**Task**: Please copy every line of the data in which the string "Chapter" appears.

*** Block opens ***

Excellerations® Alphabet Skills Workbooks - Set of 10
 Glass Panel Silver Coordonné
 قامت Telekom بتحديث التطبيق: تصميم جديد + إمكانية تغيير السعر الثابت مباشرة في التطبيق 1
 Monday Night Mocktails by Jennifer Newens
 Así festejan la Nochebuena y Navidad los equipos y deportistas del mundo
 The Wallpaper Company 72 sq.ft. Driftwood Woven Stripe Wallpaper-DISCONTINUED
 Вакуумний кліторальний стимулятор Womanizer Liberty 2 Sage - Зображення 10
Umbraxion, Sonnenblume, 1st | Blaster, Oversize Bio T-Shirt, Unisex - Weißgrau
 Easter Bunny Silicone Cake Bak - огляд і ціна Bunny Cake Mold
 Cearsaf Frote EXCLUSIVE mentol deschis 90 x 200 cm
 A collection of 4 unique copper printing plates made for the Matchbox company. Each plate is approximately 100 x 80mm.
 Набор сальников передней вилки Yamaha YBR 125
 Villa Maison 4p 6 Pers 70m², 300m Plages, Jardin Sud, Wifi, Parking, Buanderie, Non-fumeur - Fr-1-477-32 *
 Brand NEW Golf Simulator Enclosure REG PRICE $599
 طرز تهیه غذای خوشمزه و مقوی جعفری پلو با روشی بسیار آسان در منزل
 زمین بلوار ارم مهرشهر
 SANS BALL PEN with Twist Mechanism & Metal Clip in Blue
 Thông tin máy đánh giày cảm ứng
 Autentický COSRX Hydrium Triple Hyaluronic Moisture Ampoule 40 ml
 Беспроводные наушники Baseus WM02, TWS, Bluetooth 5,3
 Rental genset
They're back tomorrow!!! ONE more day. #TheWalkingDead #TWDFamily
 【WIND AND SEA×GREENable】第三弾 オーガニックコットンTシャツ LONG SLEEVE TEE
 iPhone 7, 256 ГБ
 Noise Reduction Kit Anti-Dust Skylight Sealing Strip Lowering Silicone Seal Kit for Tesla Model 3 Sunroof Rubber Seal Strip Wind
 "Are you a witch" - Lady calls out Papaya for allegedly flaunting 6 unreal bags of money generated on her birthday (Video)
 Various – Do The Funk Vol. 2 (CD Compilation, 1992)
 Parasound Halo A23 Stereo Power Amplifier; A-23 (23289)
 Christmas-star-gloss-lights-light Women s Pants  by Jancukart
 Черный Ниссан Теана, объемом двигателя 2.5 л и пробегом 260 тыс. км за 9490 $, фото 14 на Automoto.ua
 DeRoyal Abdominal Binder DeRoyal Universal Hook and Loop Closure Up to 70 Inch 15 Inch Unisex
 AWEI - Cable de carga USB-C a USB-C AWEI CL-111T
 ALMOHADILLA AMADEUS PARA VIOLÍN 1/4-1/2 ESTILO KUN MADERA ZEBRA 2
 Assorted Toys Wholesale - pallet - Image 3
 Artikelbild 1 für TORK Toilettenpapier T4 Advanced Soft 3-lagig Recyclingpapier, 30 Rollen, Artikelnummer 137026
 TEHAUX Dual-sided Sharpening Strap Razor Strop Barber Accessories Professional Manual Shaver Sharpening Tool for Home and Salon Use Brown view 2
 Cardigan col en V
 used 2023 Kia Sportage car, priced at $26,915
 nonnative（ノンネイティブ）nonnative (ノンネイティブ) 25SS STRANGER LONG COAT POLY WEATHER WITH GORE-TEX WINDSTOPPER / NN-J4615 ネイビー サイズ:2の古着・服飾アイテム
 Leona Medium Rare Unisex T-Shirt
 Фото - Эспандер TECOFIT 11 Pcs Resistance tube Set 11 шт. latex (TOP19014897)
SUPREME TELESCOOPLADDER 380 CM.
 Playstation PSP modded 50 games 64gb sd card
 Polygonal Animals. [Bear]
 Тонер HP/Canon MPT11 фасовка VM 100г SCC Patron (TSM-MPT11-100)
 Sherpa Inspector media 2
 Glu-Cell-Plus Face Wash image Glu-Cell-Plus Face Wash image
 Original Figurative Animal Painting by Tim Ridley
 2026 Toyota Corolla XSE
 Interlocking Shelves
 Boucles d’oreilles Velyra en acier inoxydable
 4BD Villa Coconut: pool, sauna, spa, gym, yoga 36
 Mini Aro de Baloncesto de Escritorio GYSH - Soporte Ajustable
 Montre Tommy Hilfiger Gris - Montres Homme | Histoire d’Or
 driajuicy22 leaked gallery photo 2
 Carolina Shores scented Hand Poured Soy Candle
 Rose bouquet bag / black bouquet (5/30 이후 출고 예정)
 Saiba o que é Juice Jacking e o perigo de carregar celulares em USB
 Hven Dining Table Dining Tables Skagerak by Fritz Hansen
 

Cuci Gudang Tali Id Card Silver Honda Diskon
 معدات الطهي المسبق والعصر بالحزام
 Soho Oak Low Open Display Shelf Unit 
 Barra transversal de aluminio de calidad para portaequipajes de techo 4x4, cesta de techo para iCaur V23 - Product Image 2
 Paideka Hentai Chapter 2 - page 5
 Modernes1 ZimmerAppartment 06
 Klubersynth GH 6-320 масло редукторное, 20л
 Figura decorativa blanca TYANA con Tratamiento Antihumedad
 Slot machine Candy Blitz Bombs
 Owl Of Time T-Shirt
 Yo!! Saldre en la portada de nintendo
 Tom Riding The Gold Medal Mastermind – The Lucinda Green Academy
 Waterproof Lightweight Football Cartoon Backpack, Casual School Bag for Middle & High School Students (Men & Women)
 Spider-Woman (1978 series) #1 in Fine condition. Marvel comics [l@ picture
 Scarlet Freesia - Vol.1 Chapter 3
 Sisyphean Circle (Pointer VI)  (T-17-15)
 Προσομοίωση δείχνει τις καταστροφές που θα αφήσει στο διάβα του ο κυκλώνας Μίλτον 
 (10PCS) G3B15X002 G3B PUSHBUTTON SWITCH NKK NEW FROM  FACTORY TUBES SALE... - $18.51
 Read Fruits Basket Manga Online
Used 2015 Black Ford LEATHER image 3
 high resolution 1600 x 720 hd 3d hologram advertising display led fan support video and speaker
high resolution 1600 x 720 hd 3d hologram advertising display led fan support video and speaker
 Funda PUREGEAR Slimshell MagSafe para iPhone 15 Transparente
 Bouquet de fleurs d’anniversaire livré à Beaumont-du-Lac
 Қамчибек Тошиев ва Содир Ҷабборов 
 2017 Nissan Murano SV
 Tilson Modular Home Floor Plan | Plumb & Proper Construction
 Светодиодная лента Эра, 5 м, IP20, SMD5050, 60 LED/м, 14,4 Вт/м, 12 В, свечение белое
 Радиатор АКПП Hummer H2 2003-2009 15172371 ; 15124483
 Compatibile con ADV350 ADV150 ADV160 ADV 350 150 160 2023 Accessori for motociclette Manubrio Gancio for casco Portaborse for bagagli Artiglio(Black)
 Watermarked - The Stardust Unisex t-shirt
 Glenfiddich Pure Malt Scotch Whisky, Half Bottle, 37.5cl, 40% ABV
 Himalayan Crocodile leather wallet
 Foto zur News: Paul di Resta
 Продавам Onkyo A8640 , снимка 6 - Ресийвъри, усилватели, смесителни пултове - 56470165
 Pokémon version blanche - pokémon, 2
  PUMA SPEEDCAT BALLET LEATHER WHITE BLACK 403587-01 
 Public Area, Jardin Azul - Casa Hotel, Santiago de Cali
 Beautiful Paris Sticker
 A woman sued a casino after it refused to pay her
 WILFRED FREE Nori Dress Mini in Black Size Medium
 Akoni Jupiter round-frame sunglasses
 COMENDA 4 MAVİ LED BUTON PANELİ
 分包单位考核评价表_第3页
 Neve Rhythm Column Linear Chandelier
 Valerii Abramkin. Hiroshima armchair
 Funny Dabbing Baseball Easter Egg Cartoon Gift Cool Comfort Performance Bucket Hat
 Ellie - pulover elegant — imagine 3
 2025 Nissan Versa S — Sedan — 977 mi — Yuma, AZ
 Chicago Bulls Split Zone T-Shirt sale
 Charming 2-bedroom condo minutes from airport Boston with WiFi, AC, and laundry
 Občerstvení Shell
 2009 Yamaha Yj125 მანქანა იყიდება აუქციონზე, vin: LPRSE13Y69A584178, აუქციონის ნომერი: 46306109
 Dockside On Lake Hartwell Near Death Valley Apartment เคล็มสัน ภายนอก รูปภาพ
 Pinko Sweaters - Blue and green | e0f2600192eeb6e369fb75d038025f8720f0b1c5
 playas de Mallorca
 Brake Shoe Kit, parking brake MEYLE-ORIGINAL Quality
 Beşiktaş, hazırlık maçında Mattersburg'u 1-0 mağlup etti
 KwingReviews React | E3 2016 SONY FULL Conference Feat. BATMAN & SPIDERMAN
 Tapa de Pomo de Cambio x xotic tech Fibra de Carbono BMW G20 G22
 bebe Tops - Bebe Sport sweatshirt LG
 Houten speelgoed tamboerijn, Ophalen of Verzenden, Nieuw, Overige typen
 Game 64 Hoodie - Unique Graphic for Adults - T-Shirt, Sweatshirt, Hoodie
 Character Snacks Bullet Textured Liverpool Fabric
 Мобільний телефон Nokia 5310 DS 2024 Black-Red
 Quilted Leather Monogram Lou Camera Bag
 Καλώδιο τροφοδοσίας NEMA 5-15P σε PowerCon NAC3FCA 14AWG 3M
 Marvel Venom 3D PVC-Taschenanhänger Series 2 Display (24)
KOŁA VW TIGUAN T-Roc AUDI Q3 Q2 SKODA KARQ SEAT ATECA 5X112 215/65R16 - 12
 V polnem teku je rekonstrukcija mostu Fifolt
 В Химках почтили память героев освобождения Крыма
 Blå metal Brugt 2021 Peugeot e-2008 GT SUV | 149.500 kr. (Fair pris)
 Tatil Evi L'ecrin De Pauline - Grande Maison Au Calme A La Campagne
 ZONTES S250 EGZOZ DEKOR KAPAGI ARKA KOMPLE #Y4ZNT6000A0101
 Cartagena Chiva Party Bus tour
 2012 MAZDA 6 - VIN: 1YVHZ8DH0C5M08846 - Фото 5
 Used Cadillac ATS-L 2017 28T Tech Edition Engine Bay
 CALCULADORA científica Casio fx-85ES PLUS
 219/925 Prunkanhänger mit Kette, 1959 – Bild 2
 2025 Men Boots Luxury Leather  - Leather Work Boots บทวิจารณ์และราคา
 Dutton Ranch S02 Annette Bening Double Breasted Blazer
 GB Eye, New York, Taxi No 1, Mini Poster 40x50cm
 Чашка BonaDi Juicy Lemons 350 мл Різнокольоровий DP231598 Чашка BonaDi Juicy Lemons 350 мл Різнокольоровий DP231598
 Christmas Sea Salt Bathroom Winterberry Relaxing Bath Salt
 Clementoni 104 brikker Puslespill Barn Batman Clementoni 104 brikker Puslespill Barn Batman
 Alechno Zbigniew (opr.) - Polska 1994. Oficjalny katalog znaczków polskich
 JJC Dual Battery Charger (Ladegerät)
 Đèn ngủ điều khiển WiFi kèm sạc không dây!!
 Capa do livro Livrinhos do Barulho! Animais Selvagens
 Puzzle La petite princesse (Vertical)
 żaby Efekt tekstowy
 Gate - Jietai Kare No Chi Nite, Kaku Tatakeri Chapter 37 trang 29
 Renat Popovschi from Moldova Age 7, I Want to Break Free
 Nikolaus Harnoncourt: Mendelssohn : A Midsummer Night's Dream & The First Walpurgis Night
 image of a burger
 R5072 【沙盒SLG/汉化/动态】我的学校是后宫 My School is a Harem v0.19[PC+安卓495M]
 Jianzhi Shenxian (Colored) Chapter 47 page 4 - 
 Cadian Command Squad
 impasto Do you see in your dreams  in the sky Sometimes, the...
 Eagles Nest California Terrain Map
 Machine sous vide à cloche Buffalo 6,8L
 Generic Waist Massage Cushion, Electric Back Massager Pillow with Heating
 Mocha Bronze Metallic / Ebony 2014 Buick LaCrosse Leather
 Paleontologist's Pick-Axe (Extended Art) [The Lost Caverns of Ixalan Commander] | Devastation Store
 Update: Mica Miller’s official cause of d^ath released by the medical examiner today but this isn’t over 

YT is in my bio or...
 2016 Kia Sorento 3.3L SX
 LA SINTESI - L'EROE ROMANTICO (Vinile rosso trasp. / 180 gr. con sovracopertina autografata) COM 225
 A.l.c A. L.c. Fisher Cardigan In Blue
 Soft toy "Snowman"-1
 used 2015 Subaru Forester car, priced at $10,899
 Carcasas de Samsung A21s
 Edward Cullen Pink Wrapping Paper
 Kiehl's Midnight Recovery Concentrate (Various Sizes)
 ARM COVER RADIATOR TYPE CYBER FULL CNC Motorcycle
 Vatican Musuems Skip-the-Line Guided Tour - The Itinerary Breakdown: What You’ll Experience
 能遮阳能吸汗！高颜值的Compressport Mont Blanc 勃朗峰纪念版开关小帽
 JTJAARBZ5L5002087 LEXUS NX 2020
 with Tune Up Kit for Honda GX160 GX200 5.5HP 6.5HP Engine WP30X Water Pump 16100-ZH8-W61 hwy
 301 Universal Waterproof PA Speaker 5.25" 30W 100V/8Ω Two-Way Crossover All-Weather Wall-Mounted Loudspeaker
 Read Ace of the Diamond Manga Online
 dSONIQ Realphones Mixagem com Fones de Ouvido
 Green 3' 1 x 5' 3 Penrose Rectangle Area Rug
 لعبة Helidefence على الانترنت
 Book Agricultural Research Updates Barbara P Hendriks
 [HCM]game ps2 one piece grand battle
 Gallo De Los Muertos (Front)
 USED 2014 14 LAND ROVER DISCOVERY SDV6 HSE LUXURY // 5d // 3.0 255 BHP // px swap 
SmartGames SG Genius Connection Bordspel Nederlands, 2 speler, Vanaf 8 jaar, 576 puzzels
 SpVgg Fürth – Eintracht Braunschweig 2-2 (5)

*** Block closes ***

**Solution to this exercise**:
 Paideka Hentai Chapter 2 - page 5
 Scarlet Freesia - Vol.1 Chapter 3
 Gate - Jietai Kare No Chi Nite, Kaku Tatakeri Chapter 37 trang 29
 Jianzhi Shenxian (Colored) Chapter 47 page 4 - 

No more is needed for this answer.